2Giu, 2026
L’amazzone dell’Arena Green Village conquista il bronzo nella finale del Master Ambassador Small: «Mai avrei immaginato di vedere il mio nome sul Wall of Fame di Piazza di Siena».

“Mai avrei immaginato di vedere il mio nome sul Wall of Fame di Piazza di Siena”. Nelle parole di Karin Lega c’è tutta l’emozione di un risultato che vale una carriera sportiva. L’amazzone pugliese dell’Arena Green Village ha conquistato il terzo posto nella finale del Master Ambassador Small in sella a Friso De Rialfo Z, chiudendo la gara con zero penalità complessive e conquistando una prestigiosa medaglia di bronzo nel tempio dell’equitazione italiana.
«Ci speravo – racconta – perché con Friso ho un feeling fortissimo. Ma mai avrei immaginato di vedere il mio nome sul Wall of Fame di Piazza di Siena. È un sogno che si realizza».
Un risultato che arriva al termine di un percorso costruito con passione, dedizione e sacrificio. Karin monta a cavallo fin da bambina ed è cresciuta in una famiglia di cavalieri e amazzoni. Una passione che ha accompagnato tutta la sua vita, pur dovendo fare i conti con gli impegni dello studio, del lavoro e della famiglia.
«Ho sempre amato i cavalli, anche se nel corso degli anni ho vissuto questa passione in modo discontinuo. Prima gli studi universitari, poi il lavoro e la famiglia hanno inevitabilmente richiesto molto tempo. Ma il richiamo dell’equitazione è sempre stato più forte».
Nella vita Karin è un medico veterinario e dirige una clinica veterinaria a Galatone, nel cuore del Salento. Un’attività professionale impegnativa che non le impedisce di dedicare tempo e attenzione alla sua passione sportiva.
«I cavalli e l’equitazione rappresentano la mia valvola di sfogo, il mio benessere psicofisico. Sono un modo per ritrovare equilibrio e serenità. In qualche modo rappresentano anche un’espressione dell’amor proprio».
Determinante nel raggiungimento di questo traguardo è stato il rapporto costruito con Friso De Rialfo Z, un Zangersheide di nove anni che Karin descrive con affetto e ammirazione.

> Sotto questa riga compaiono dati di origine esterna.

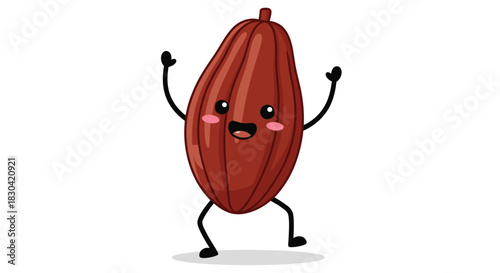 A happy and cute cartoon cocoa pod character with a big smile, rosy cheeks, and expressive arms and legs, standing on a white background.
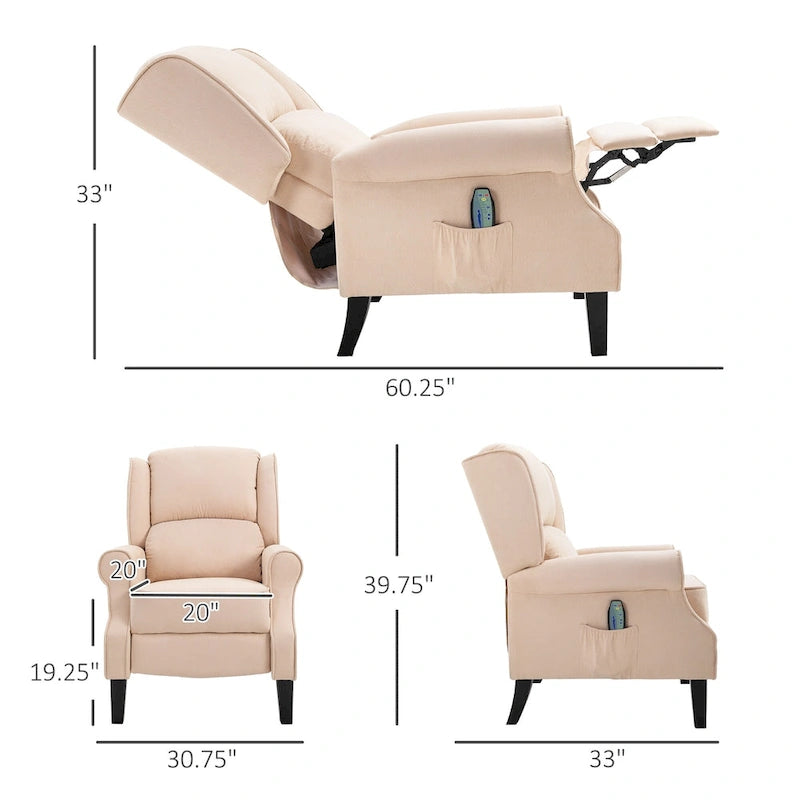 Fauteuil inclinable massant chauffant avec chauffage lombaire et télécommande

«È un cavallo piccolo, scattante e buono come il pane. Nella mia vita non avevo mai avuto un cavallo con una qualità simile. Ogni giorno riesce ancora a sorprendermi».
Un binomio nato grazie all’intuizione di Mauro Negro, tecnico dell’Arena Green Village, con il quale Karin si allena da anni.
«Due anni fa Mauro mi fece salire per la prima volta su Friso e mi disse semplicemente: “Tu fidati”. E io mi sono fidata. Da allora è iniziata una bellissima avventura».
Karin vive a Nardò e riesce a ritagliare quattro allenamenti alla settimana tra gli impegni professionali e familiari. Un impegno costante che ha trovato la sua consacrazione proprio sul campo più prestigioso d’Italia.
Infine, il pensiero va a chi l’ha accompagnata lungo questo percorso.
«Dedico questo risultato a mio marito Marco. Mi sostiene sempre e ama Friso quanto me. È il mio mentore, la persona che mi incoraggia ogni giorno e condivide la mia passione per questo meraviglioso sport».
Sul podio di Piazza di Siena è salita un’amazzone pugliese. Ma dietro quella medaglia di bronzo ci sono anni di lavoro, una famiglia che sostiene, un istruttore che crede nei propri allievi e un cavallo speciale. Ingredienti che, qualche volta, permettono davvero ai sogni di diventare realtà.